Segment Start: TASK DATA

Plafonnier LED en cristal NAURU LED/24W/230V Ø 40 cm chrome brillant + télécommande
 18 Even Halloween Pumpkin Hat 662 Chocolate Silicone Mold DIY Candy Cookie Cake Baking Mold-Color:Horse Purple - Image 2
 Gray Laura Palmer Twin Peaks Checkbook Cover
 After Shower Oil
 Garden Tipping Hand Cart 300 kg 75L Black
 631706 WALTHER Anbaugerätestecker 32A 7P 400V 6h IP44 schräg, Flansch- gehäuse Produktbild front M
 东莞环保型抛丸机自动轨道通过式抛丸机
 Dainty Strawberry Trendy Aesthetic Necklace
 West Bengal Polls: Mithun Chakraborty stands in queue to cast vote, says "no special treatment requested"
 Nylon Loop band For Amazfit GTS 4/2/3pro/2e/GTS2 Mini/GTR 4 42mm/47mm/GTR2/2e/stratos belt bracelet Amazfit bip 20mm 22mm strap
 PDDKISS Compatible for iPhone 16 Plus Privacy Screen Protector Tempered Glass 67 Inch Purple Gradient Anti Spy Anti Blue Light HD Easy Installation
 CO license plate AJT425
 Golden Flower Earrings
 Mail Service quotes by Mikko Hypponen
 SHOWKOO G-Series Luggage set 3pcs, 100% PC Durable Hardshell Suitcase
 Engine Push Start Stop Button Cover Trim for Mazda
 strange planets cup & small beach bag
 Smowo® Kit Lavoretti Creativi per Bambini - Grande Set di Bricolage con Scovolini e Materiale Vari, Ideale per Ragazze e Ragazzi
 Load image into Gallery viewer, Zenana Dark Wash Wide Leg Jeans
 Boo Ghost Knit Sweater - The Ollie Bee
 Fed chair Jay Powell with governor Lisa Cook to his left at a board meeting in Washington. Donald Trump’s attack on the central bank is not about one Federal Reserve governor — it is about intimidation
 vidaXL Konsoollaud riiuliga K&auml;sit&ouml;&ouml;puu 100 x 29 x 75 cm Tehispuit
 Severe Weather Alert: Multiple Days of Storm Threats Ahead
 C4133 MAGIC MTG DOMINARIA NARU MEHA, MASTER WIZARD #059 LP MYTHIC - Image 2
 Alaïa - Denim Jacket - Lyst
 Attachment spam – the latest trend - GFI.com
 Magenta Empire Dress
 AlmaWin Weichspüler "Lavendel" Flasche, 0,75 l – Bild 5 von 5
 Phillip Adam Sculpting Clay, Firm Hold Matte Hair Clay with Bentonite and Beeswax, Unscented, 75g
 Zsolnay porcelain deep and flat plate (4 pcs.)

Segment End: TASK DATA

**INSTRUCTIONS TO FOLLOW:** Start with the line above that contains "Garden Tipping Hand Cart 300 kg 75L Black" and stop after the line that contains "Nylon Loop band". Output those lines exactly, and only those.

**OUTPUT FOR THIS EXERCISE:**
 Garden Tipping Hand Cart 300 kg 75L Black
 631706 WALTHER Anbaugerätestecker 32A 7P 400V 6h IP44 schräg, Flansch- gehäuse Produktbild front M
 东莞环保型抛丸机自动轨道通过式抛丸机
 Dainty Strawberry Trendy Aesthetic Necklace
 West Bengal Polls: Mithun Chakraborty stands in queue to cast vote, says "no special treatment requested"
 Nylon Loop band For Amazfit GTS 4/2/3pro/2e/GTS2 Mini/GTR 4 42mm/47mm/GTR2/2e/stratos belt bracelet Amazfit bip 20mm 22mm strap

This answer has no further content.